Youth Workers Are Still My People

Youth Workers Are Still My People March 25, 2014

Above you can watch Jeff Chu deliver one of the two talks at last week’s Progressive Youth Ministry conference to receive a standing ovation. The other was given the next morning by H. Adam Ackley, a transgender theology professor who was dismissed from Azusa Pacific University last year. Each of them spoke out of their own experience of being queer in their youth, and each of them explained how they could have been better ministered to by their churches.

And we listened.

Other speakers addressed how women are portrayed in rap and hiphop music, what “death of god” theology could mean in a confirmation class, what kind of youth pastor Dietrich Bonhoeffer was, and why process theology doesn’t suck. Otis Moss III preached us in, and Laura Truax preached us out. In other words, the content was amazing.

But something even more important happened last week at Fourth Presbyterian Church in downtown Chicago.

What happened in that room was that we had a sense that something special is happening. There was an unmistakeable sense that we have an opportunity to claim a significant voice in the conversation about what youth ministry is in America, that we can fight back against moralistic therapeutic deism, and that we can start to articulate a view of God that is generous, life-affirming, and inclusive. We have a tribe — that’s a clear take-away from last week.

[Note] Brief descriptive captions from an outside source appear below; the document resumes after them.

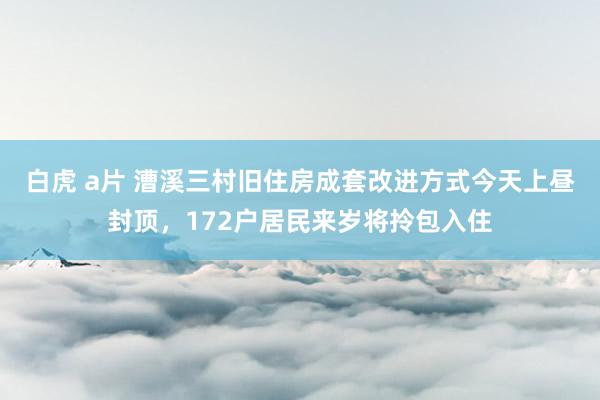 白虎 a片 漕溪三村旧住房成套改进方式今天上昼封顶，172户居民来岁将拎包入住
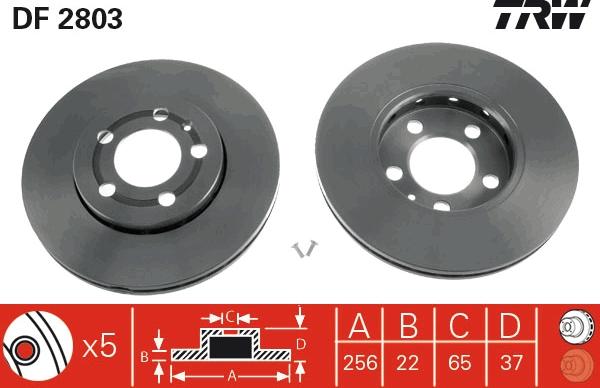 TRW DF2803 - Bremžu diski www.autospares.lv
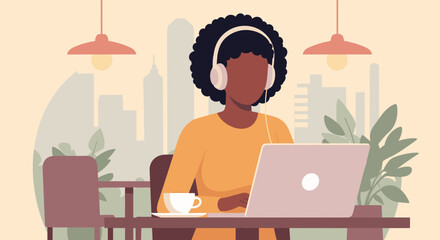 African American woman working on laptop in cafe, perfect for blogs about remote work, freelancing, or digital nomadism.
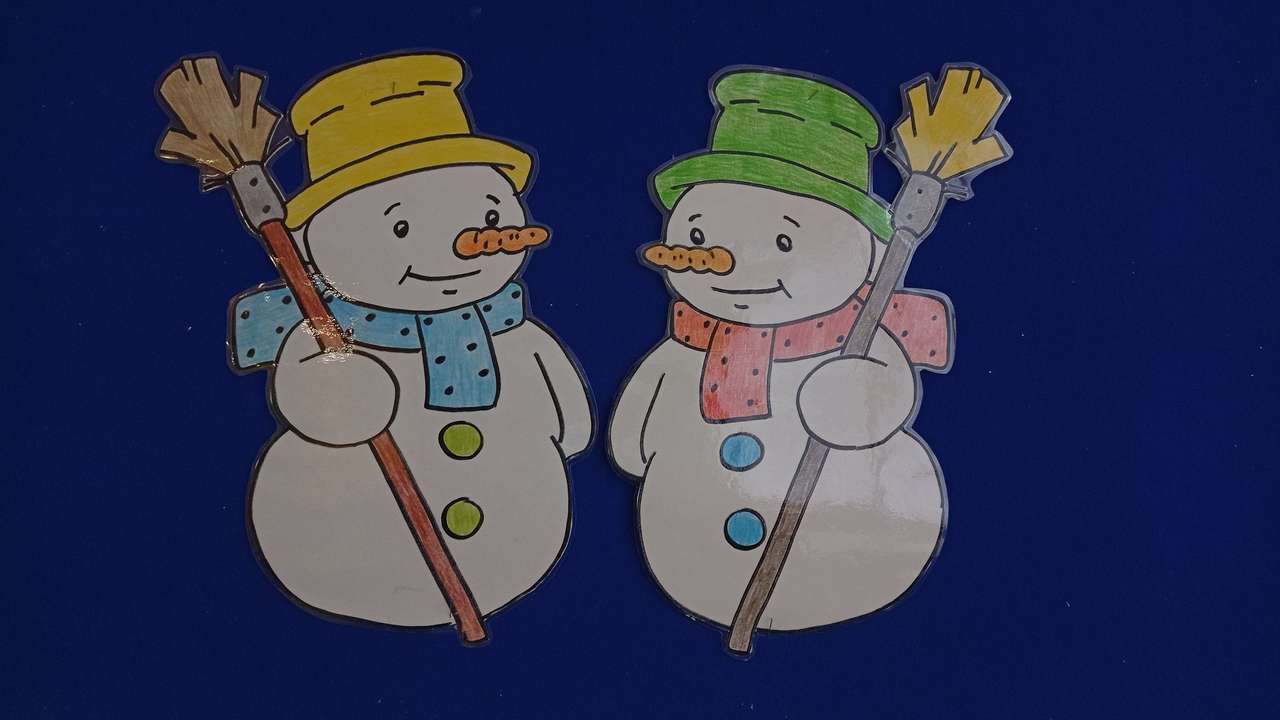 Twee sneeuwmannen legpuzzel online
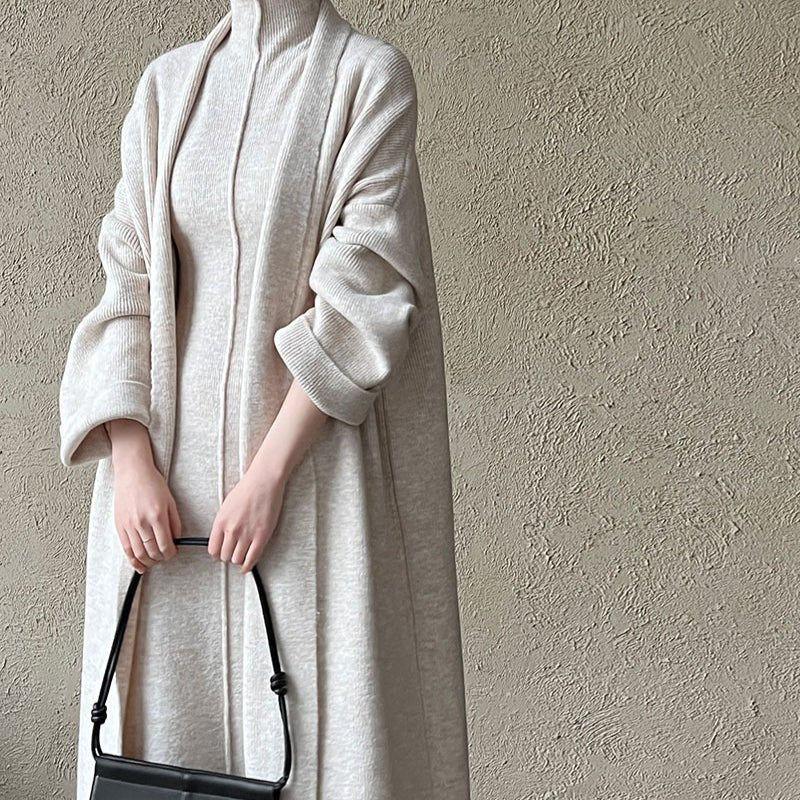 Long Knit Cardigan With Turtleneck Inner Dress For Autumn & Winter (MS177)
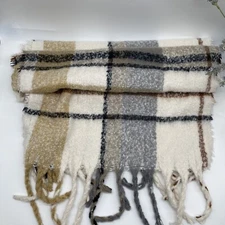 Cejon plaid blush blanket scarf with fringes One Size NEW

For myself, I knew from the opening session that I was among people whom I understood, and who understood me. Most of my own leadership skills were honed in youth ministry, so I appreciate the challenges that many of the folks in that room face. But I also knew that the energy in the room could only have been generated by youth workers. The laughter was a bit louder, the singing a bit bolder, and the tears a bit less restrained than we’d ever get at a different kind of pastor’s conference.

We’re going to do it again, same week next year. I hope you’ll join us. I know that as I approach my 46th birthday next week, I’m going to keep hanging out with youth workers as long as they’ll have me.

Now, scroll back up to the top and watch that video. You couldn’t spend 25 minutes in any better way today.